Dr. Reginald Lobosky
A tribute by Keith Thompson
“It was the summer of 1990 that I finished my first semester of law school in England at Middlesex University. I applied for summer employment with several firms and was fortunate enough to be accepted at Higgs & Johnson,” Keith Thompson says as he recalls the opportunity that would lead to his first encounter with Reginald Lobosky.
Reginald Lobosky was many things to many people, as was his talent as a human being. He was a former chairman of the United Bahamian Party, a past president of the Bahamas Chamber of Commerce, the first president of Civil Society Bahamas (CSB), and partner in well-renowned Shirley Street law firm Harry B. Sands, Lobosky & Company. For Keith Thompson, however, he took on a more personal role: mentor and motivator. Many people knew Reg as a man frequently engaged in politics, hard work, and study – a reputation Keith attests to. But as his apprentice, Keith also became privy to another side of Reg: his humanitarian nature.

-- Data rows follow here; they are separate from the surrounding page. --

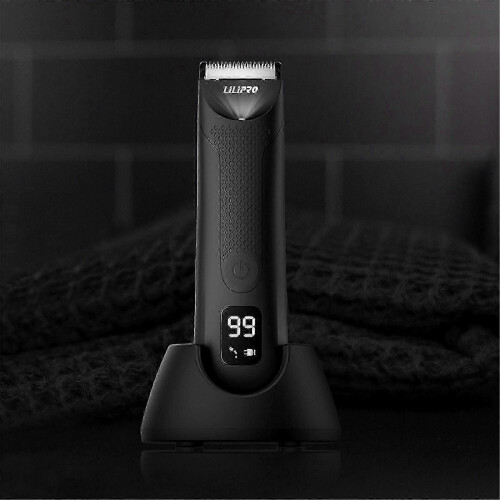Saferazor Trimmers for Men, 5ml Precision Trimmer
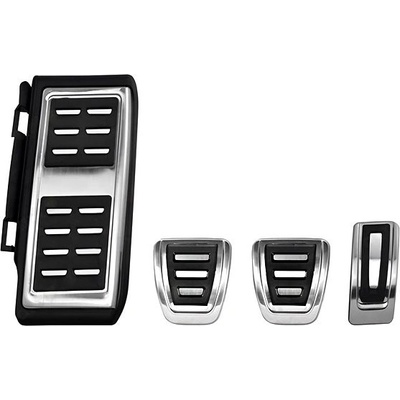 PROTEC RS Sportovní pedály Seat Leon 4 2020-2021 manuální – Hledejceny.cz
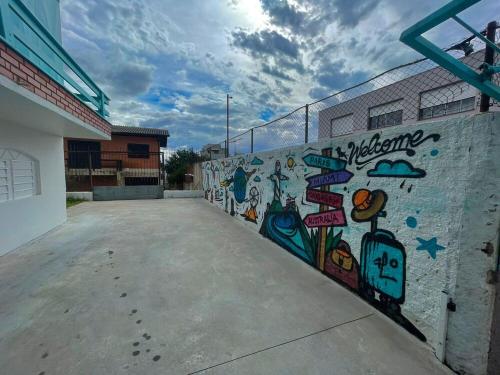 Imagen de la galería de Casa do Rogério Hostel, en Caxias do Sul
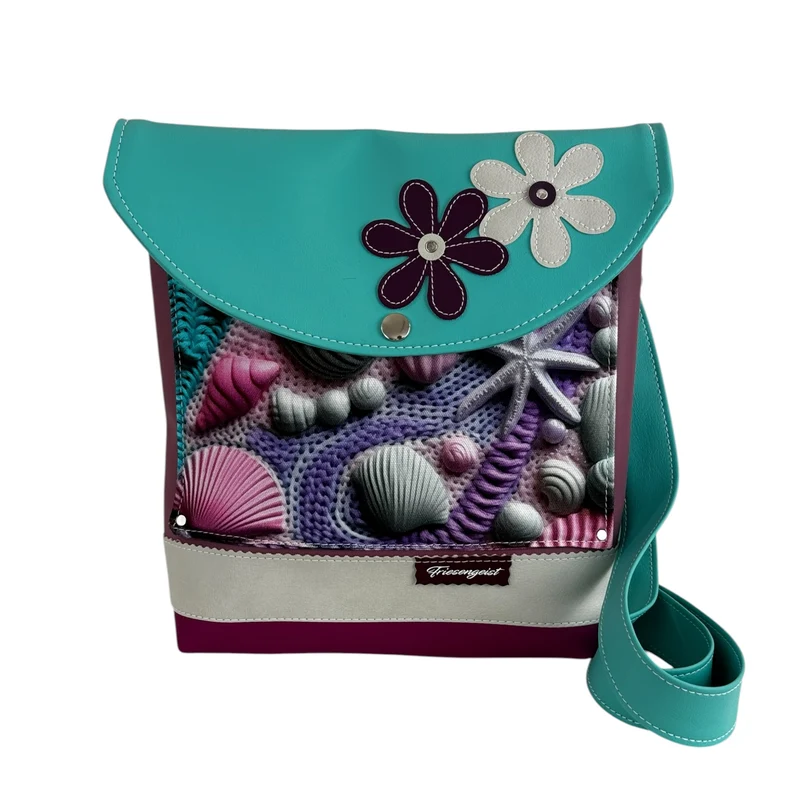 Handtasche Monja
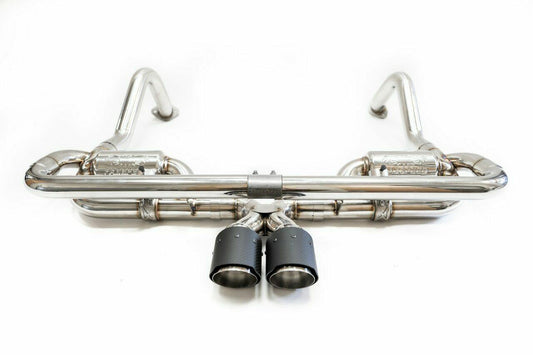 Fabspeed Porsche 981 Boxster/Cayman Valvetronic Exhaust System (FS.POR.981.VLVXX)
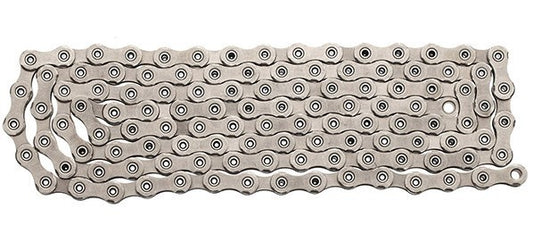 JMT-753674 33-Speed Mountain Bike Chain with Magic Buckle System for Enhanced Performance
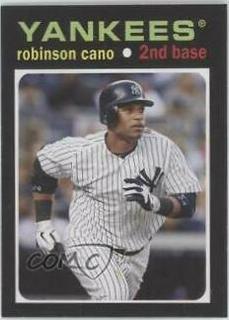 Robinson Cano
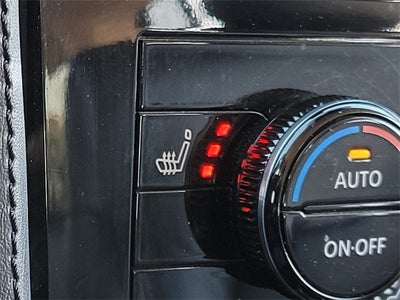 2024 Nissan Armada SV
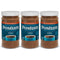 Postum Coffee Substitute Original (3x8oz) | Coffee Alternative Caffeine Free with Roasted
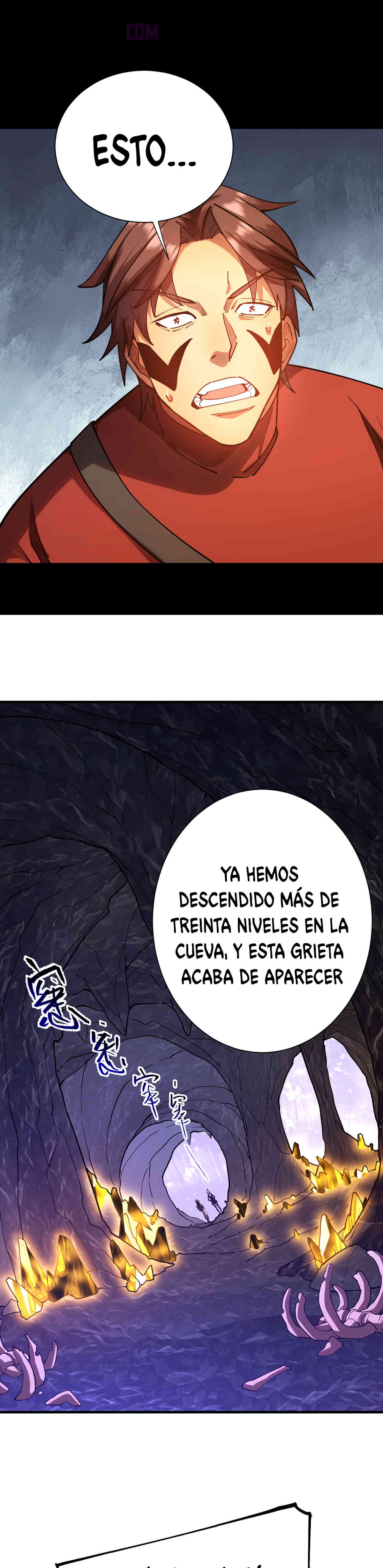 Read Apex Future Martial Arts ES Manga Online
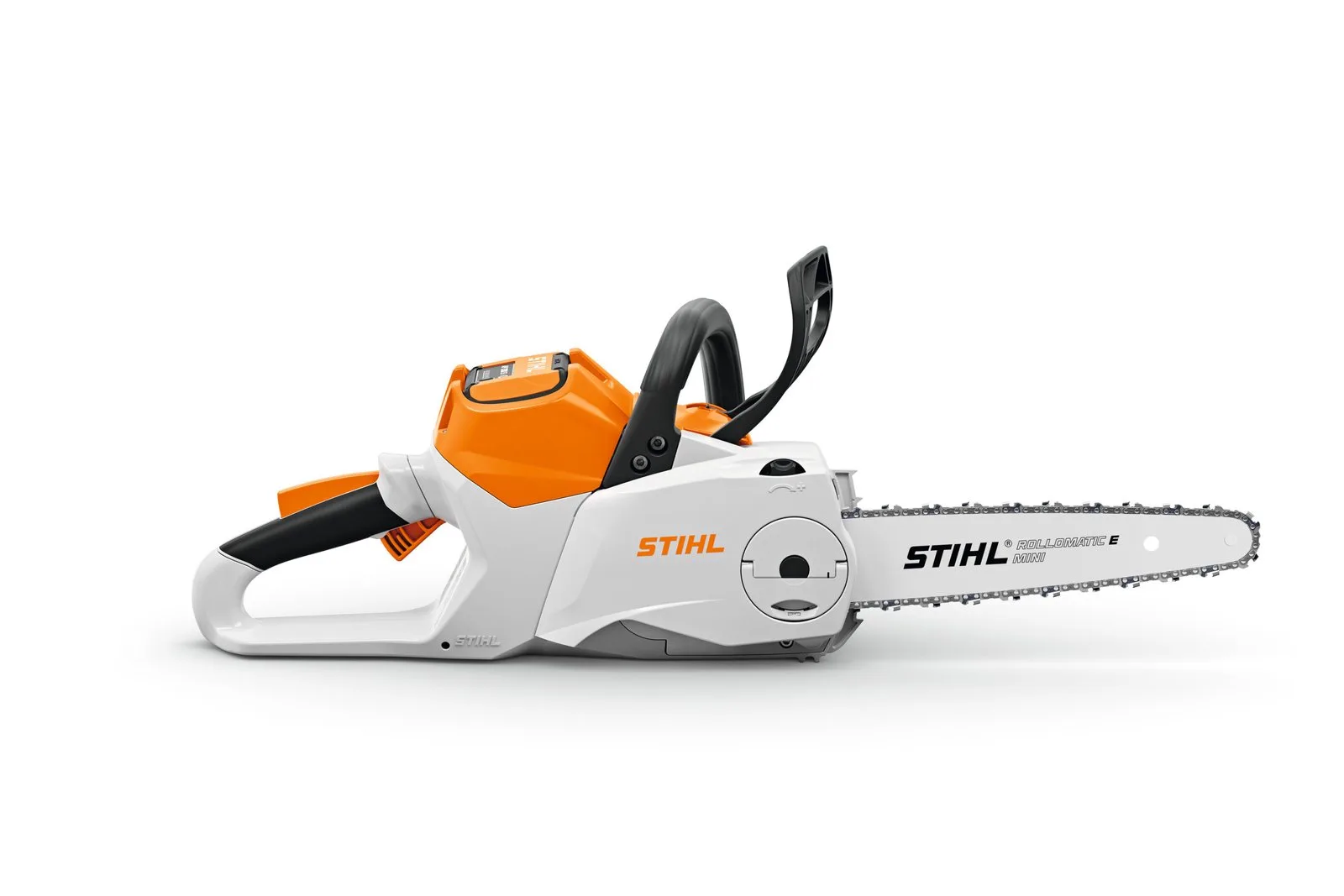 Аккумуляторная цепная пила STIHL MSA 160 C-B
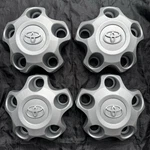 Toyota Tundra Center Caps Hub Covers 2007-2021 42603-0C051 *brand New* Set Of. Price: $99.99.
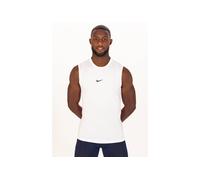 Nike Pro M vêtement running homme Pro M L Blanc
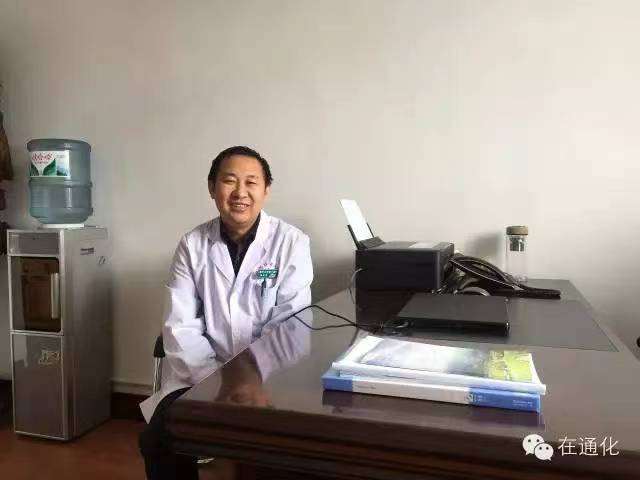 张连河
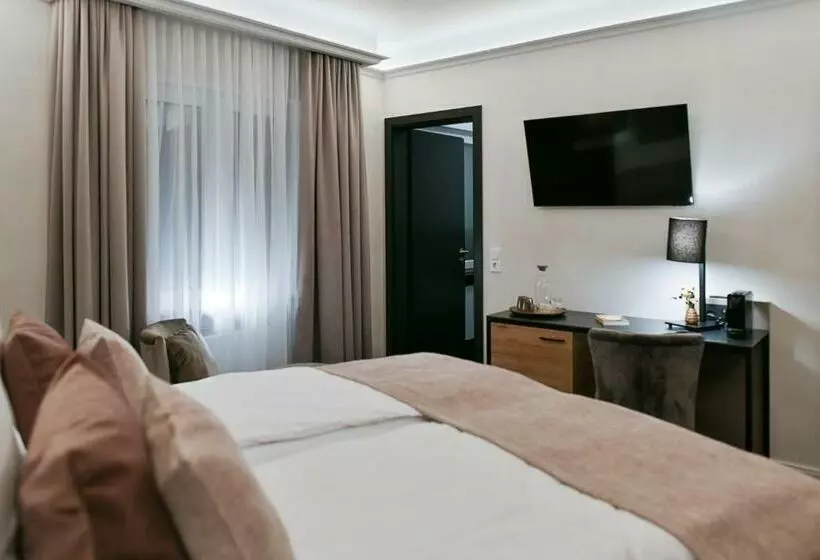 Boutique Hotel Canel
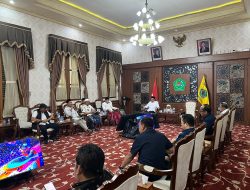 Pengusaha Rokok Usulkan Madura Jadi Pilot Project SKM Golongan III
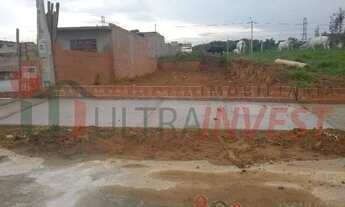 Imagem: VENDA - TERRENO JARDIM DONA TEREZA / SOROCABA/SP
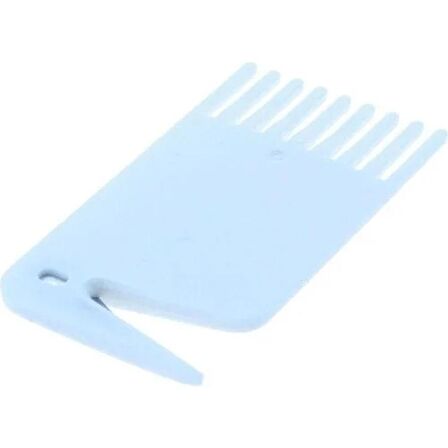 srfn ticaret Xiaomi G1 2in1 Essential (Mjstg1) Uyumlu 2 Adet Emici (Ana) Fırça ve Temizleme Tarağı - 3 Parça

The recently sworn-in Vice President of the Bahamas Industrial Tribunal fondly shares how his internship at Higgs & Johnson introduced him to the man who would become like a father to him.
How it began:
“Initially I was assigned to Dr. Earl Cash, whose concentration was trust law. His office was upstairs, and after about a week I wandered downstairs and walked past Mr. Lobosky’s office and saw him sitting in there by himself.
“I had a full view of the office and there was a desk at the back. I poked my head in and said, ‘Would you have anything for me to do? I’m a summer student with Dr. Cash but I’m finished with what he assigned me.’ He looked up and said, ‘You like to work?’ And I said, ‘Of course I do.’”
Learning the trade (and the man):
After that day, Keith Thompson never returned upstairs. Reginald Lobosky kept him closer than his own shadow.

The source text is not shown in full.